After all, it is one thing for your income to drop from $10 million to $ 1 million, and an altogether different thing for it to drop from $10,000 to $8000. In substantive terms, the rich have been forced to cut on their luxury purchases, while the poor have been squeezed on their basic needs. Being forced to auction off your summer retreat or luxury yatch is qualitatively different from being forced out into the streets.
However, in any recession, especially that induced by a crash in asset values, the rich, being the most exposed to such markets, will be more adversely affected than the poor. Jonathan Parkerand Annette Vissing-Jorgensen have found in a recent NBER working paper, the incomes of the affluent tend to fall more, in percentage terms, in recessions than the incomes of the middle class, and those of the very affluent — the top one ten-thousandth — fall the most.
Though the falling incomes of the rich may have narrowed inequality, the stagnant incomes of the rest of the population may have left the economy with the worst of both worlds. On the one hand, the falling incomes of the rich will quickly translate into lower tax revenues, fall in consumption spending and decreased philanthropic activity, all of which will act to further depress aggregate demand and the economy. On the other hand, the poor do not benefit by any increase in their incomes and bear the brunt of the depressed economic activity. Of course, there is a strong and well-established case that narrowing inequality is good by itself, in so far as it slows down the entrenched and institutionalized discrimination that comes with the concentration of economic and political power among a relatively small group.
The Times article points to Mohamed A. El-Erian, chief executive of Pimco, one of the largest bond traders in the US, who describes the spectacular asset bubble of the last twenty years since 1987 thus, "We are coming from an abnormal period where a tremendous amount of wealth was created largely by selling assets back and forth... You had wealth creation that could not be tied to the underlying economy and the benefits were very skewed: they went to the assets of the rich. It was financial engineering."

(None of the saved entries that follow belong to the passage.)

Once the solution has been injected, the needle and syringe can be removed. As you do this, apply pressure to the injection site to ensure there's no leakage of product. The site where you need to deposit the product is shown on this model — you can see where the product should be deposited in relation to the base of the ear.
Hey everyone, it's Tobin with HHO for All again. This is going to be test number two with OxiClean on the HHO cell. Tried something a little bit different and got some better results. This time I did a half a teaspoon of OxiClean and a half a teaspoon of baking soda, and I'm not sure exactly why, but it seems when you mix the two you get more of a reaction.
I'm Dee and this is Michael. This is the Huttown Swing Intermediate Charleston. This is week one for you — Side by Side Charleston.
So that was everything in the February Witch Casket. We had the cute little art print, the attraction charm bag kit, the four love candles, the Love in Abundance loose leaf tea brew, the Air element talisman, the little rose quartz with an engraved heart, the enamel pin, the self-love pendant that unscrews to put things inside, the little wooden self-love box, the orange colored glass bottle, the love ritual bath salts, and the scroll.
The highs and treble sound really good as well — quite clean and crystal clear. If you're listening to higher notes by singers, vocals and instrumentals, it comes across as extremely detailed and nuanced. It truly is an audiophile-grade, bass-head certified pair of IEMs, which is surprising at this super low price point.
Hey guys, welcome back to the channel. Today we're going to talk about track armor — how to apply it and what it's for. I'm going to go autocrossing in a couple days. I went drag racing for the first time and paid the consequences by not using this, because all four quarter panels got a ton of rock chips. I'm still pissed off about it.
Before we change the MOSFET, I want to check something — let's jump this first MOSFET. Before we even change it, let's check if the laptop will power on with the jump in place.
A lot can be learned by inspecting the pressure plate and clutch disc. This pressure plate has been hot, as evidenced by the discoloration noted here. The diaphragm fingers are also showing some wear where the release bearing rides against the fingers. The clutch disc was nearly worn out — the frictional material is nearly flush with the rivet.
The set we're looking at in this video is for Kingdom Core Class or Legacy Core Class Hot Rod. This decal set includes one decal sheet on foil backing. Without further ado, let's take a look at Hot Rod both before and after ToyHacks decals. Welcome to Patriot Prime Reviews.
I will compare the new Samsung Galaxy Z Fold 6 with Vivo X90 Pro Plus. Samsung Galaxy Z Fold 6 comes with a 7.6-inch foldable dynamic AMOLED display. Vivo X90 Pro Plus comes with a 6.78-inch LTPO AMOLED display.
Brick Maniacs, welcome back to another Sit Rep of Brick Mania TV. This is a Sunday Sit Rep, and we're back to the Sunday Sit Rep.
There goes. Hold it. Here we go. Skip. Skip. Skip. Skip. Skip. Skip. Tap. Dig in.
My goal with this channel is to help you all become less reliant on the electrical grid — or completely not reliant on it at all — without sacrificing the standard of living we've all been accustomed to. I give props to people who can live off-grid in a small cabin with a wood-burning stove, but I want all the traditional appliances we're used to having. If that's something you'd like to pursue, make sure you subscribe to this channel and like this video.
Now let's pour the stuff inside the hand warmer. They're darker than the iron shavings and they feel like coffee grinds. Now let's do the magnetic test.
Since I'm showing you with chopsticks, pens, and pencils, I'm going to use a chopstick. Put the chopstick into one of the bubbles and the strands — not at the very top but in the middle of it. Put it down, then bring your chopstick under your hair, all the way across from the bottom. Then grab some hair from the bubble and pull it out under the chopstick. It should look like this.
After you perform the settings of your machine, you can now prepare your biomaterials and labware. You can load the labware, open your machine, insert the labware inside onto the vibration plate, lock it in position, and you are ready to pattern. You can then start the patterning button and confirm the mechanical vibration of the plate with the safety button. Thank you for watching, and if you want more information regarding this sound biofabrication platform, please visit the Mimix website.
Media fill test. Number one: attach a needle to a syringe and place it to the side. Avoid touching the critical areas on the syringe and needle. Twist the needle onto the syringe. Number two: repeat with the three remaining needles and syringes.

Emmanuel Saez and Thomas Piketty have used the IRS income data from the late seventies to 2007 and found that the cutoff to qualify for the highest-earning one ten-thousandth of households jumped from roughly $2 million, in inflation-adjusted, pretax terms to $11.5 million and the cutoff to be in the top 1 percent doubled to roughly $400,000. In contrast, pay at the median — which was about $50,000 in 2007 — rose less than 20 percent, and at the bottom of the income distribution, the increase was a mere 12 percent.
In 2007, the top one ten-thousandth of households took home 6 percent of the nation’s income, up from 0.9 percent in 1977, and the highest such level since at least 1913, the first year for which the IRS has data, and the top 1 percent of earners took home 23.5 percent of income, up from 9 percent three decades earlier. Further, since 1980, tax rates on the affluent have fallen more than rates on any other group, as the graphic below shows.
The census data for 2008 shows that poverty increased, median household income fell, and the percentage of Americans with employer-based health coverage continued to decline in 2008. The poverty rate rose to 13.2 percent, its highest level since 1997. The number of people in poverty hit 39.8 million, the highest level since 1960. It also finds that the $787 bn ARRA has helped keep atleast 6 million Americnas out of poverty. The official poverty rate rose in 2008 to 13.2 percent, from 12.5 percent in 2007.
Analysing the IRS data, Thomas Piketty and Emmanuel Saez find that two-thirds of America's total income gains from 2002 to 2007 flowed to the top 1 percent of U.S. households, and that top 1 percent held a larger share of income in 2007 than at any time since 1928.
Economix finds two distrubing trends - economic growth in the current decade has been slower than in any decade since before World War II; and inequality has risen sharply that so much of the bounty from our growth has gone to a relatively small slice of the population. The result has been a decade with no real income gains for the median household for the decade ending 2008.
And here are a series of excellent graphics from the census report.
From Economist and Emmanuel Saez.
Update 3 (14/4/2010)
David Leonhardt debunks the conservative arguement that rich Americans pay a disproportionately high tax rate and that American tax system is highly progressive here, here and here. Taking all taxes (and not just federal income taxes) - other federal taxes like payroll taxes and capital gains taxes, state and local government taxes (which are mostly indirect taxes and lot less progressive) - into account, it becomes clear that American tax system is not as progressive as being claimed and that the rich are those most benefitted by the taxation system. He writes
"Add it all up, and you can see why the wealthy are paying a greater share of federal taxes even though they are paying less tax on each dollar they earn. They’re simply making many more dollars than they used to."